Louisiana readers may have heard that State Farm has been accused of engaging in unfair trade practices and violating antitrust laws by leading its consumers to utilize repair shops preferred by State Farm. These repair shops are more or less required to abide by insurance estimates regarding the cost of repairs. Naturally, insurance companies want to keep these costs as low as possible. The problem is that when insurance companies low-ball repair estimates, this forces repair shops to perform substandard repairs.
In many cases, low insurance estimates for repair forces repair shops to utilize after-market parts, which can end up voiding driver warranties and can lead to depreciation of the value of an insured’s vehicle. Another potential consequence of this approach is that repair shops can lose their reputation for doing quality work. The accusation against State Farm is that it engaged in just this kind of behavior toward its customers.
Being that State Farm writes over one third of automobile insurance policies in the state of Louisiana and brings in over $1 billion in annual earnings from premiums, the accusations are quite serious. For its part, State Farm has said that it seeks to keep repair costs reasonable for its customers, and that policyholders have the ability to choose which shops to use rather than being forced to use preferred shops. It will certainly be interesting to see how the litigation plays out.

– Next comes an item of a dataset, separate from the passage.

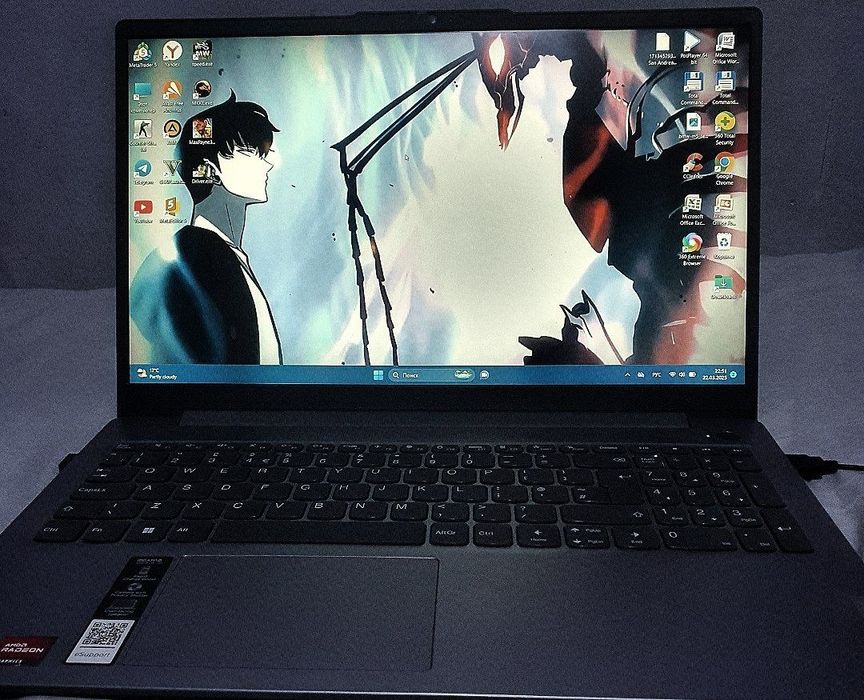 Notebook Lenovo  Ryzen 7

For businesses, managing liabilities is an important and ongoing task, and one that requires significant resources. Failing to put a solid compliance program in place can lead to increased liabilities, though, so businesses that care about their future do what it takes to make sure they are meeting their legal obligations. And, when accusations of illegal business practices do arise, it is important to work with experienced counsel to protect the business’ interests.